The bilingual Bush worked hard to connect with the audience of hundreds of Hispanic evangelicals, not letting them forget his wife's Mexican roots and occasionally breaking into asides in Spanish that impressed at least one attendee.

"This guy's talking from the inside," said Enrique Pinedo, a reverend from Florida who caught Bush's speech. Pinedo added his former governor could have been more detailed on immigration, but he cut Bush some slack, recognizing the political reality he faces. "I know that he's in the Republican Party."

Former Arkansas Gov. Mike Huckabee, who is expected to announce next week whether he is running for president, addressed the conference Wednesday evening and only glossed over the hot-button issue, opting for an emphasis on religious freedom that Rodriguez predicted would come more naturally to Republicans.

"This country has been a magnet for people throughout the ages," Huckabee said, putting a positive spin on a word frequently used by the GOP's fiercest critics of immigration reform. "There's so many arguments about immigration policy — arguments about who should come and when and how.

"There's no time to argue all of those," he added before repeating a well-honed line from his stump speech, drawing loud applause. Americans should "get on our knees and thank God that we live in a country that people are trying to get into, not a country they're trying to get out of."

Huckabee has called a pathway to citizenship a "rational approach" to immigration reform, though he was much more reluctant to re-endorse the idea Wednesday. He told reporters that dealing with the millions of people in the country illegally is somewhat of an "unnecessary controversy" unless Americans are confident the border is secure.

Still, Huckabee made no bones about the political thorniness of immigration, volunteering that he has long taken heat for championing legislation in Arkansas that let undocumented immigrants qualify for in-state tuition. And he acknowledged his party is not unified on the issue as it barrels toward the 2016 presidential election. "I don't think there's a consensus," Huckabee said.

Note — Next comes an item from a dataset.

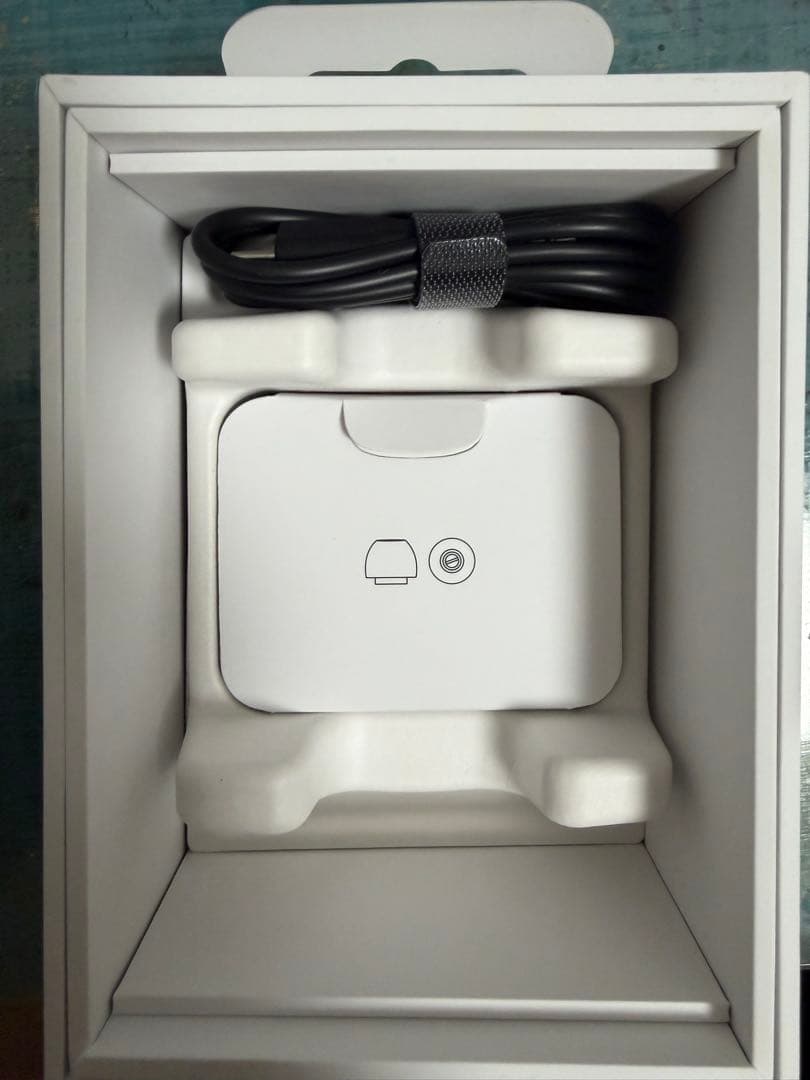 イヤホン Bowers & Wilkins Pi8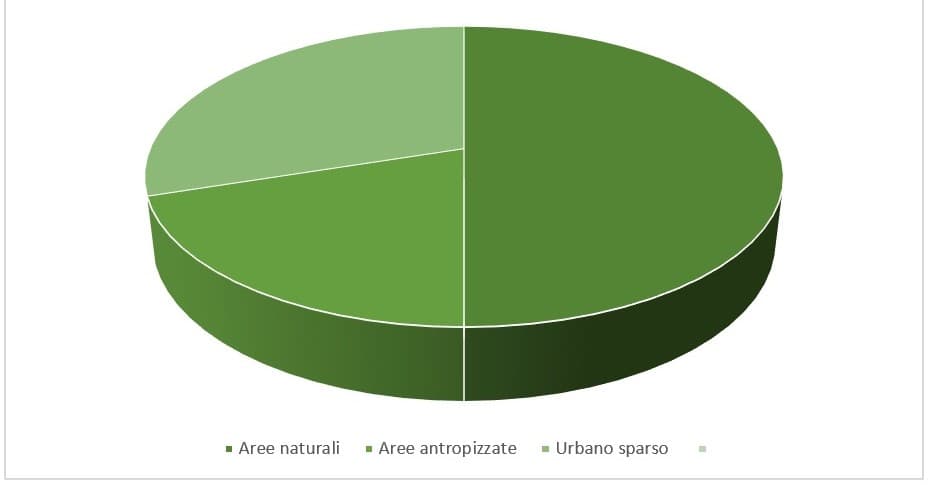 Grafico linea di retrospiaggia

Rodriguez is hoping to fill that void and was unambiguous throughout the conference about holding Republicans' feet to the fire. The NHCLC counts more than 40,000 churches among its members and tends to line up with the GOP on social issues but sees immigration somewhat differently.

In policy papers distributed to reporters, the NHCLC said it "reluctantly supported" President Barack Obama's executive action last year shielding millions of undocumented immigrants from deportation, preferring a congressional solution to a unilateral move. A number of White House hopefuls including Bush have said they would reverse Obama's executive action if elected.

Critics have nonetheless slapped the NHCLC with the label of "pro-amnesty," and organizations that have hardline positions on immigration reform view it with a skeptical eye.

"This is a group that has been pushing for mass immigration for a long time," said Ira Mehlman, a spokesman for the Federation for American Immigration Reform. Mehlman, like others skeptical of the NHCLC, contended some groups who purport to have the best interests of Hispanics in mind are driven by a business lobby looking for cheap labor. "They're trying to influence the Republican Party — it's not entirely a grassroots movement."

Part of the NHCLC's efforts to influence the presidential conversation include a pledge it would like the candidates to sign that hints at a pathway to citizenship. Asked if he would sign the pledge, Huckabee told a reporter Wednesday he had not yet seen it.

"I'll happily read it, get to know it and give you an answer on that," Huckabee replied as Rodriguez, seated beside the might-be presidential candidate, nodded along enthusiastically.